MAMARONECK, N.Y. – Roger Kahn, the writer who wove memoir and baseball and touched millions of readers through his romantic account of the Brooklyn Dodgers in “The Boys of Summer,” has died. He was 92.
He died Thursday at a nursing facility in Mamaroneck, a Westchester County suburb, son Gordon Kahn said.
The author of 20 books and hundreds of articles, Kahn was best known for the 1972 best-seller that looked at his relationship with his father through their shared love of the Dodgers, an object of nostalgia for the many fans who mourned the team's move to Los Angeles after the 1957 season.
“At a point in life when one is through with boyhood, but has not yet discovered how to be a man, it was my fortune to travel with the most marvelously appealing of teams,” Kahn wrote.
Kahn's book moved back and forth between the early 1950s, when he covered the Dodgers for the New York Herald Tribune, and 20 years later, when some were ailing (Jackie Robinson), embittered (Carl Furillo) or in a wheelchair (Roy Campanella).

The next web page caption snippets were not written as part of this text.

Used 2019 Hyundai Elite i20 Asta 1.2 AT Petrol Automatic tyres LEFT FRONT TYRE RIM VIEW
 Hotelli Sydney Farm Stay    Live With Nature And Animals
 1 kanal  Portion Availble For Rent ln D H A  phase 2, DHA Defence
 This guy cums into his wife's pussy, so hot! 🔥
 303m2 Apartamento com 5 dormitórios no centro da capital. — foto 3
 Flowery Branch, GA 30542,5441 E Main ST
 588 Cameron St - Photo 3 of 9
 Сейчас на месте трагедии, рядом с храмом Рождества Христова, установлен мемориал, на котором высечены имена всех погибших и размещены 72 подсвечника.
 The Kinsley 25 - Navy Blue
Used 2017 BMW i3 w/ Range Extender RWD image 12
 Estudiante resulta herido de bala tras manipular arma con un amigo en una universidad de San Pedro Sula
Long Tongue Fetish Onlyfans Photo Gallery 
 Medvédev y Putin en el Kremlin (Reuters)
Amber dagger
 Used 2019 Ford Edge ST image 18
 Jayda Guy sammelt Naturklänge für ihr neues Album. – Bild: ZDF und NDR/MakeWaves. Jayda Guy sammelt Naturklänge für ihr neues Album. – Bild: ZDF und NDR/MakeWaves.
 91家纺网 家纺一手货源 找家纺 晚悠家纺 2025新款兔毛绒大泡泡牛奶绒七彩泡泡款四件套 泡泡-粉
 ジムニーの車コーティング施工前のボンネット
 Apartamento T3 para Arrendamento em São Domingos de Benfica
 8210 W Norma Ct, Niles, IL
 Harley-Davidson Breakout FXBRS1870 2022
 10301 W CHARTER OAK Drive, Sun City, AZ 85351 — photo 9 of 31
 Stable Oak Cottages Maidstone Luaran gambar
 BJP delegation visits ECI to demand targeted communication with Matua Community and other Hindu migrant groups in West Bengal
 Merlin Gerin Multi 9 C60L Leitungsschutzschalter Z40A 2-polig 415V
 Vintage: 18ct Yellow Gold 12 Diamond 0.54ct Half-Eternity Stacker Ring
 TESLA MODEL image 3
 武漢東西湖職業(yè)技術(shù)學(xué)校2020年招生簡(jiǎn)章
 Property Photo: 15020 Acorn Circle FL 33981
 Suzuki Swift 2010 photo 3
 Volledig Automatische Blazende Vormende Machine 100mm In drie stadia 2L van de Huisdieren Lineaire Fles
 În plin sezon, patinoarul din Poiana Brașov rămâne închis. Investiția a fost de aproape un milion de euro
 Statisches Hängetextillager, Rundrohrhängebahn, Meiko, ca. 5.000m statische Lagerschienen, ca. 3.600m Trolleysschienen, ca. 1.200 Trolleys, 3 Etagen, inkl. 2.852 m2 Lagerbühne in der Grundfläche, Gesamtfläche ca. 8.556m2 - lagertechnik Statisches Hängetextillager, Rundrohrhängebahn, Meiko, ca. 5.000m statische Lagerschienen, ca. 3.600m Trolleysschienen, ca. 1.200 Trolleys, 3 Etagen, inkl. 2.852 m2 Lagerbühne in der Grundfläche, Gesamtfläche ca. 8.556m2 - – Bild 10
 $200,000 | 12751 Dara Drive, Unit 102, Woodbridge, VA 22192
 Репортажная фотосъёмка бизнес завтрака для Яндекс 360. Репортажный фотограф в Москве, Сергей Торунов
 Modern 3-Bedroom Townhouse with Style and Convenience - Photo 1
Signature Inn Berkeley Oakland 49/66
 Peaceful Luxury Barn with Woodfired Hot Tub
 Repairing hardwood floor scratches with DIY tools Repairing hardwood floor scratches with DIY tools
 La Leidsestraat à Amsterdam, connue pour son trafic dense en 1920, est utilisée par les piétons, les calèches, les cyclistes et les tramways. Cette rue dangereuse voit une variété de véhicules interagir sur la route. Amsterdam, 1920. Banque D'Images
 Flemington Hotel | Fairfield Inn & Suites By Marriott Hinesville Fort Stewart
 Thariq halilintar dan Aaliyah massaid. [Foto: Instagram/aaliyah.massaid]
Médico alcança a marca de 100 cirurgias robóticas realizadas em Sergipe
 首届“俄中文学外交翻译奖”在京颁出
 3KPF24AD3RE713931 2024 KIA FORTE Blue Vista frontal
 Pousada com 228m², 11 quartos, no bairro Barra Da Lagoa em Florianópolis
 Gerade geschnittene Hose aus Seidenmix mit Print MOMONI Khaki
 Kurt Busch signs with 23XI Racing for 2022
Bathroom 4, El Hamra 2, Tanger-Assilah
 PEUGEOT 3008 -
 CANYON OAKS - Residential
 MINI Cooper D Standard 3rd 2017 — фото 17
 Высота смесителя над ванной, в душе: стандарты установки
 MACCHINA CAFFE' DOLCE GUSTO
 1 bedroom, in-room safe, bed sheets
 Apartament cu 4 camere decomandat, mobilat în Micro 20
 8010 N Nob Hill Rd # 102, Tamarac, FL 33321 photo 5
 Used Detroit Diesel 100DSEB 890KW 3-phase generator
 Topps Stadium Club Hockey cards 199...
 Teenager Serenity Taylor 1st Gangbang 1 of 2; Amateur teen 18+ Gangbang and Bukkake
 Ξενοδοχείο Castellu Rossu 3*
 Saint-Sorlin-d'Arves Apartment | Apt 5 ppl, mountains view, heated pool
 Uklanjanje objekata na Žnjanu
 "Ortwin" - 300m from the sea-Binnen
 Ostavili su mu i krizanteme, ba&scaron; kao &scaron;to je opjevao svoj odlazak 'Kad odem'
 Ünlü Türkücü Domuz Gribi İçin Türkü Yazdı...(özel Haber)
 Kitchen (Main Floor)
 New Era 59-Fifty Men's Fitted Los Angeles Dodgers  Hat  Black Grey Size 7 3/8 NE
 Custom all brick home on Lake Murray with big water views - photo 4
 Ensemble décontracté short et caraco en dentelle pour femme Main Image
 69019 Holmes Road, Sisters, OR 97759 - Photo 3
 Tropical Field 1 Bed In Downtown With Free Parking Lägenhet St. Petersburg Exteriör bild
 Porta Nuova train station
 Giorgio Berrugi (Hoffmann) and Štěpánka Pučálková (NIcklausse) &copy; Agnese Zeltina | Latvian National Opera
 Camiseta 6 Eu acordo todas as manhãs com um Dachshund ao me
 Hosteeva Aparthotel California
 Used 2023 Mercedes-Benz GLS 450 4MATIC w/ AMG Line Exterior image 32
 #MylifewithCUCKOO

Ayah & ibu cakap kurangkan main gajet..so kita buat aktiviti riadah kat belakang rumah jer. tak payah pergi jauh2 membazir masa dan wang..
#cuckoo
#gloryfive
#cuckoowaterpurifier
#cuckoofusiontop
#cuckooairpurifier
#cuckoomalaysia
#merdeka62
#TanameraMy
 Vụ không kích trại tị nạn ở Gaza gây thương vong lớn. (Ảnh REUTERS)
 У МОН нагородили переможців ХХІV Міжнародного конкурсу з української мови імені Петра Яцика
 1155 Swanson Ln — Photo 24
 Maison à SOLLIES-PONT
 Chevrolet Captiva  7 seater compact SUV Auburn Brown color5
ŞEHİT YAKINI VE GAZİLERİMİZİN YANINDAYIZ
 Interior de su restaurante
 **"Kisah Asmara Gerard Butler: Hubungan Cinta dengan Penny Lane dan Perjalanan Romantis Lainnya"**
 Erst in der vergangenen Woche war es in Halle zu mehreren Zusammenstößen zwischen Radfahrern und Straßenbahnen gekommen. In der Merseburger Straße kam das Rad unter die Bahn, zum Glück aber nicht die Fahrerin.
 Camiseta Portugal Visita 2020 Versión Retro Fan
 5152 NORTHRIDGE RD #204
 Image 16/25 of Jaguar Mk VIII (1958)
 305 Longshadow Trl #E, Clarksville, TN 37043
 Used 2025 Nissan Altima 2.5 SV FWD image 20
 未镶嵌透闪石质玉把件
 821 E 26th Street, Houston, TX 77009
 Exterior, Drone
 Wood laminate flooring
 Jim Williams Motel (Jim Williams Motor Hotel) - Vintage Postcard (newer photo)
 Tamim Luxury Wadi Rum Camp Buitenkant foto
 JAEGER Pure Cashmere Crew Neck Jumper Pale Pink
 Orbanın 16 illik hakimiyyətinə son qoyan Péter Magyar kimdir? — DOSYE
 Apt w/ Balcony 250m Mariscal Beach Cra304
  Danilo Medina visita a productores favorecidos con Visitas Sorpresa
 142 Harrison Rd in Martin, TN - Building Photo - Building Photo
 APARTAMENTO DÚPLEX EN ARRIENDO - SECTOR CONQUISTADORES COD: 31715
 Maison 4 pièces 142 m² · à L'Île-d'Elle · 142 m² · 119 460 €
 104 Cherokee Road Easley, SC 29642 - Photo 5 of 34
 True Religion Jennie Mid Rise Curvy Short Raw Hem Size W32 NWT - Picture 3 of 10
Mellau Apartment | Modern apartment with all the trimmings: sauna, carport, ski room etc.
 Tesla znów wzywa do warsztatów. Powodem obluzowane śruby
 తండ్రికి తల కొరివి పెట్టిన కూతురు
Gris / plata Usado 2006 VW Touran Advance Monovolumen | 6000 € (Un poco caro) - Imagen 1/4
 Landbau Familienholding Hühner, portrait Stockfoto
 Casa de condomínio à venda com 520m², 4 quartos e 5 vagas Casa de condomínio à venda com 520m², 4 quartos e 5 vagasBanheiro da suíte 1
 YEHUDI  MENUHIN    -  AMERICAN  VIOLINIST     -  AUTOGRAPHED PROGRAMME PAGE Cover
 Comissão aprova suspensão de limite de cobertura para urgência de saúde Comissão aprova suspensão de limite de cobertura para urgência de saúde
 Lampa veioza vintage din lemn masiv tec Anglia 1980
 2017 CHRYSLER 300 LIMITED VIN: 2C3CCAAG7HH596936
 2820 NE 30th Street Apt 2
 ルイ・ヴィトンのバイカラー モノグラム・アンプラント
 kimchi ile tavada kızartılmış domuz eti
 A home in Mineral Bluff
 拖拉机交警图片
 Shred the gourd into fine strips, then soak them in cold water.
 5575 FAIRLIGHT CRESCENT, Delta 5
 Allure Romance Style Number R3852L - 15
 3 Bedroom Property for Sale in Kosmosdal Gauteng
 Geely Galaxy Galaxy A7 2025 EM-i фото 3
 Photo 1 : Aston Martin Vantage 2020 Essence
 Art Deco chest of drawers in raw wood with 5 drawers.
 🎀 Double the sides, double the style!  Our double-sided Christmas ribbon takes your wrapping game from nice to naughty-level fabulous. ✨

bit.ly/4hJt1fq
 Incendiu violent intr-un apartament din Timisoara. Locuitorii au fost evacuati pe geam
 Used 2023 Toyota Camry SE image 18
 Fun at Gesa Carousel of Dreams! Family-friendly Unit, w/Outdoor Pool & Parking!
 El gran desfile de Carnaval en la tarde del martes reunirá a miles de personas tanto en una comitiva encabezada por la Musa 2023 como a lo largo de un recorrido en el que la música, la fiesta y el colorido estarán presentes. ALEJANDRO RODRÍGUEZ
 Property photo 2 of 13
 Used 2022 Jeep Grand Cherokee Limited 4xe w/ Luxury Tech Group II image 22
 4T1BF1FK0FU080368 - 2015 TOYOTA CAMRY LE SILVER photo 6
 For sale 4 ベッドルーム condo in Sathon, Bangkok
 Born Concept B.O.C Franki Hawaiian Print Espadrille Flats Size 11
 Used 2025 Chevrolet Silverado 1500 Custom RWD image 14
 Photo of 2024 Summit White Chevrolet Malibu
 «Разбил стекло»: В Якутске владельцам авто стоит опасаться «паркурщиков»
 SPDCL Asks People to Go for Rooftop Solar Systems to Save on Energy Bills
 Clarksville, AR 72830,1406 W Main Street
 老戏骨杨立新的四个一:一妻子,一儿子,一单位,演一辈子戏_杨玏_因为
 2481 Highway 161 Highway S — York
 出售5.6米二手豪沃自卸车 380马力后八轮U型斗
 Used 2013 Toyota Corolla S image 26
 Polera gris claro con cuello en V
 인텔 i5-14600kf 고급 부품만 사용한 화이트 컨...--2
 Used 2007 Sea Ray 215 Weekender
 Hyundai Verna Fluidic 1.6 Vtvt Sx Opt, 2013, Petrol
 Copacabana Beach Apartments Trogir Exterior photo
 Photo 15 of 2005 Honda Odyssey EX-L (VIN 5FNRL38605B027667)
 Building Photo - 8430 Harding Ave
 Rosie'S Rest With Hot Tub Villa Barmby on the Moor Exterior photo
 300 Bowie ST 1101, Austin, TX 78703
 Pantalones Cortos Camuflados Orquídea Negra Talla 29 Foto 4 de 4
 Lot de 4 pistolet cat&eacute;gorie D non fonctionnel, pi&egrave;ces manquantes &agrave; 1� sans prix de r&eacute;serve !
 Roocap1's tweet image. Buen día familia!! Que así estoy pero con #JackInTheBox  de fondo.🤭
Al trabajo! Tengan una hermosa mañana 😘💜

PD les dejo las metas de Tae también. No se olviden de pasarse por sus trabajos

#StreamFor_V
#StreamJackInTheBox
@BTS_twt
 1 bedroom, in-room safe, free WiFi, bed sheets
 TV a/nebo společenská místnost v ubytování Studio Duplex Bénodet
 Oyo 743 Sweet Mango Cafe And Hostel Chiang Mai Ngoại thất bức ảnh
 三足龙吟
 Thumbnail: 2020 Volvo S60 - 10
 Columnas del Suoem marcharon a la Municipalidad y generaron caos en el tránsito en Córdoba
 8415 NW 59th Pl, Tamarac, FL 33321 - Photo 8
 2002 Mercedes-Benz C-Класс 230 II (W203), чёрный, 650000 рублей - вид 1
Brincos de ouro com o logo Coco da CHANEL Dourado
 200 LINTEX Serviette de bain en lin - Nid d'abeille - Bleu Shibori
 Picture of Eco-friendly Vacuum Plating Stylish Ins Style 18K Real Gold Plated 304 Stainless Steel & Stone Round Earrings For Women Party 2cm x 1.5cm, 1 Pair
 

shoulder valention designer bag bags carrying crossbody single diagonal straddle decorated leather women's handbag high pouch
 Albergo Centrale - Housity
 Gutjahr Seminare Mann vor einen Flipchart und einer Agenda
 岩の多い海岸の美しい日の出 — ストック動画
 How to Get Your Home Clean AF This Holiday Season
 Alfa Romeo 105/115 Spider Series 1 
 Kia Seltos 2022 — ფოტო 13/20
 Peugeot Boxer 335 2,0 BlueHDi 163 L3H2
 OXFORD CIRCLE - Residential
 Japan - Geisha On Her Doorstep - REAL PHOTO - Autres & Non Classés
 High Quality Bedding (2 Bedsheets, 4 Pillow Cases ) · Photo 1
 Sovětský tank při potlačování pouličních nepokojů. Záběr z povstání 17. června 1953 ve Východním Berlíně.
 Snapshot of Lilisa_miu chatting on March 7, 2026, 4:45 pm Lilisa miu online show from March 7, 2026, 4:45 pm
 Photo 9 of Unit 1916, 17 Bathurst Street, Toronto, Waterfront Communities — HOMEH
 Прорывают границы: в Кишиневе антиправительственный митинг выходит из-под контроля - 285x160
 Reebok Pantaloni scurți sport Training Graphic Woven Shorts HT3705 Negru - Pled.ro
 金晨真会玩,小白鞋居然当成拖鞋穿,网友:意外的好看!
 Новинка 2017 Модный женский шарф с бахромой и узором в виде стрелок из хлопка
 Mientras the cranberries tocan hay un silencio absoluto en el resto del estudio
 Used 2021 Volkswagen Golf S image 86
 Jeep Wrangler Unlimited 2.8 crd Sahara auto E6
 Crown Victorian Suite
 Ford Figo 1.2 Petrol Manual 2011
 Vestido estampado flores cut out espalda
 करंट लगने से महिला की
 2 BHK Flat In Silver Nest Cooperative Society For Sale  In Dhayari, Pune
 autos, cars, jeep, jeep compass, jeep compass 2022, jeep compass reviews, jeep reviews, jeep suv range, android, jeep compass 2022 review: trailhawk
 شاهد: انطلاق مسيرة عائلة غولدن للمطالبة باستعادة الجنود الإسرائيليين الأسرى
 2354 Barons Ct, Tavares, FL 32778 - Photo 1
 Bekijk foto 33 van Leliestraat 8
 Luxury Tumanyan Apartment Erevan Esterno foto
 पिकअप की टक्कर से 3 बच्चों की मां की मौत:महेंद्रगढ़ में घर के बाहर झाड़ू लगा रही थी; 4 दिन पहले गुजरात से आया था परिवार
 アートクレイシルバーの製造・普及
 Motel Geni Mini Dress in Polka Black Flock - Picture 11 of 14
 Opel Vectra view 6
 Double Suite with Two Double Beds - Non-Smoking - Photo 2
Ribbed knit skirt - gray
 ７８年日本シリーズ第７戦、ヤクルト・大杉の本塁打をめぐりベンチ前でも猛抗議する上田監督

The book was an instant hit, although Kahn was criticized for sentimentalizing his story.
“Here is a book that succeeded for me despite almost everything about it,” wrote Christopher Lehmann-Haupt, a late book critic for the New York Times.
Retired Dodgers broadcasting great Vin Scully knew Kahn well from their days with the team – Kahn was a beat writer covering the club, and the same age as Scully.
“You couldn't travel with them without getting emotionally involved. Roger captured that familial spirit of the players in those days,” Scully told The Associated Press on Friday. “The feeling in Brooklyn was always us against the world – the world would be the lordly pinstripers in the Bronx and almost lordly Giants in Manhattan.”
Scully said Kahn singularly distilled the essence of what it was like to be a Brooklyn player and fan of the team.
“He got it right,” Scully said. “Every year in Brooklyn, it was 'wait till next year.' It was only right that in all their years, they wound up winning only one World Series – and then left.”
Among those in the book was Carl Erskine, a star pitcher for those Dodgers.
“I turned 93 in December, and for a lot of us who played with Brooklyn then and were in that book, I wouldn't say it gave us eternal life, but it certainly enhanced our careers,” Erskine said from his home in Anderson, Indiana.